§ Task to complete
Here, set down only the lines between the line that contains "[Kerorin] Ai da" and the final line of the material, both included, exactly as written. Skip the pictures.

━━━━━━━━━━━━━━━━━━━━━━━━━━━━━━

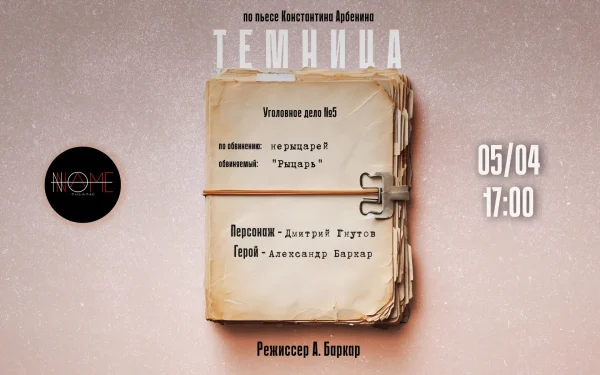 Темница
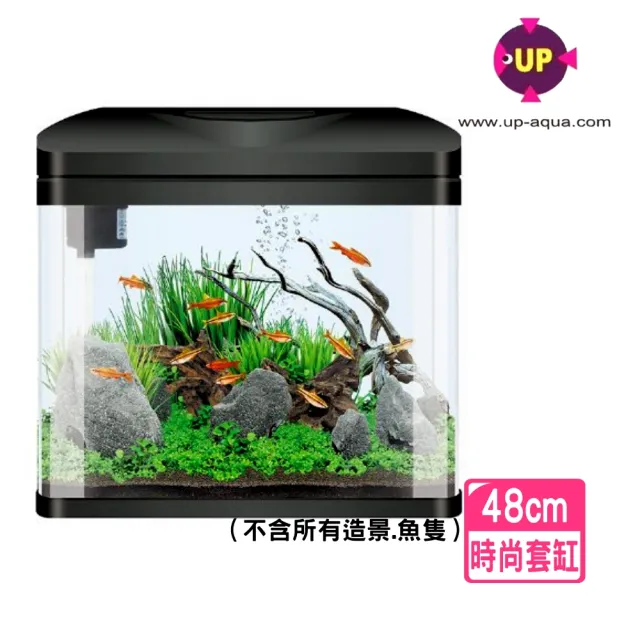 【UP 雅柏】48cm黑色時尚套缸小彎角ㄇ型玻璃全罩式上蓋(含上蓋+上部過濾+LED燈具)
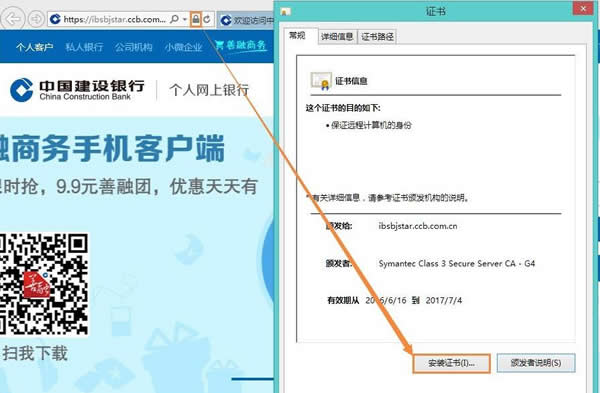 win8ʾWCe`νQ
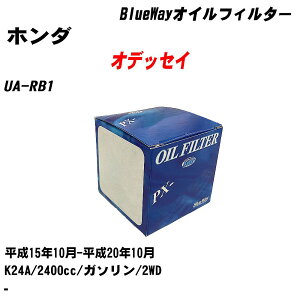 �y10�Z�b�g�z��z���_ �I�f�b�Z�C�� �I�C���t�B���^�[ UA-RB1 H15.10-H20.10 K24A �p�V�t�B�b�N�H�� BlueWay PX5508 �I�C���G�������g �yH04006�z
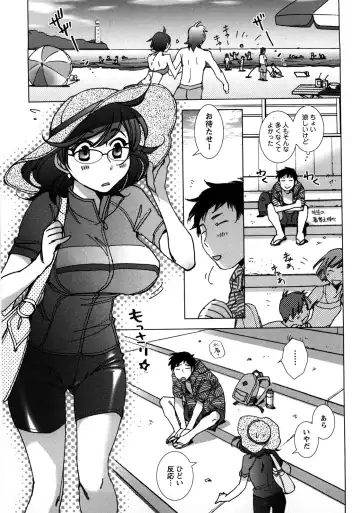 [Kerorin] Ai da Koi dano Ittenaide Fhentai - Page 32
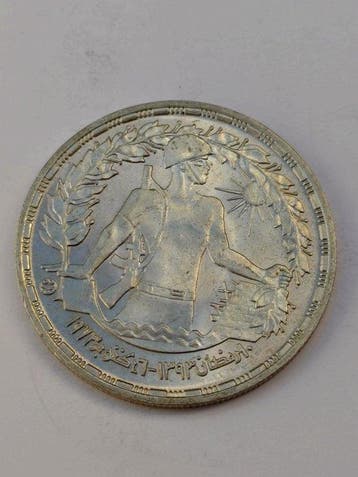 Egypte. 1 Pound 1974 - October War (Zonder minimumprijs)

━━━━━━━━━━━━━━━━━━━━━━━━━━━━━━

§ Result for this task
 [Kerorin] Ai da Koi dano Ittenaide Fhentai - Page 32
 Egypte. 1 Pound 1974 - October War (Zonder minimumprijs)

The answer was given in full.